Le 4 octobre 1930, le R 101 qui est le plus grand dirigeable du monde, est prêt à décoller de Cardington en direction des Indes. A 2 h 10 du matin, l’effroyable catastrophe aérienne se produit au dessus de la Picardie.
Cette tragédie aurait pu alourdir la longue liste des catastrophes. Cependant, une troublante manifestation paranormale ne va pas tarder à apparaître. Ces messages d’agonisants qui accusent les responsables du drame doivent-ils être versés au dossier de la « vie après la mort » ?

La construction du R 101

Depuis la guerre de 1914-1918, on croit à l’avenir de la navigation aérienne. L’Atlantique a déjà été plusieurs fois traversé. Il y a notamment eu l’exploit, en 1927, de Charles Lindbergh qui a réussi cet exploit en solitaire sur Spirit of Saint Louis.

Malgré tout, on ne croit pas encore à l’avion. Sur terre comme sur mer, la mode est aux trains de luxe et aux grands paquebots.

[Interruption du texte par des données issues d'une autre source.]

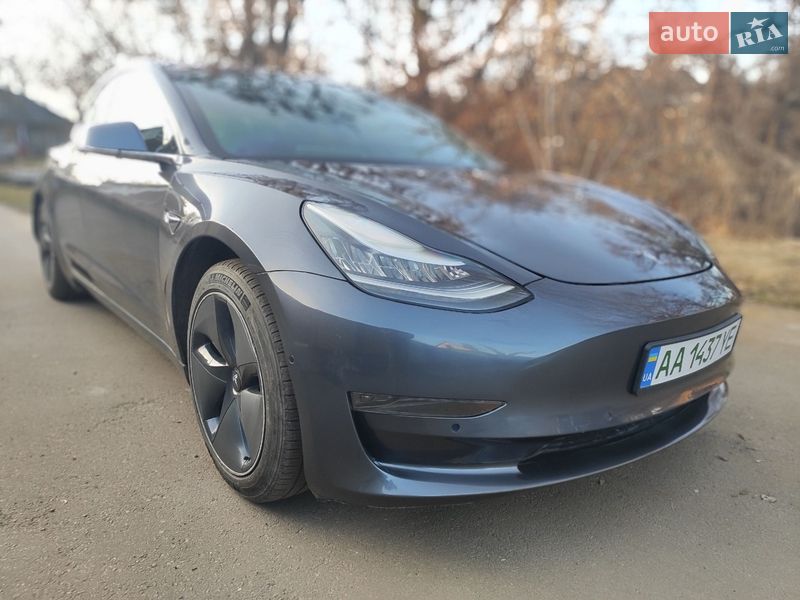 Седан Tesla Model 3 2020 в Киеве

On rêve donc d’un ballon dirigeable géant et somptueux. Le zeppelin a déjà fait ses preuves et sur de longues distances.

En 1924, les Britanniques décident de mettre en chantier une véritable flotte de dirigeables. Normalement, les prototypes seront les plus grands dirigeables jamais construits, pouvant transporter une centaine de passagers, à la vitesse de 100 km/h.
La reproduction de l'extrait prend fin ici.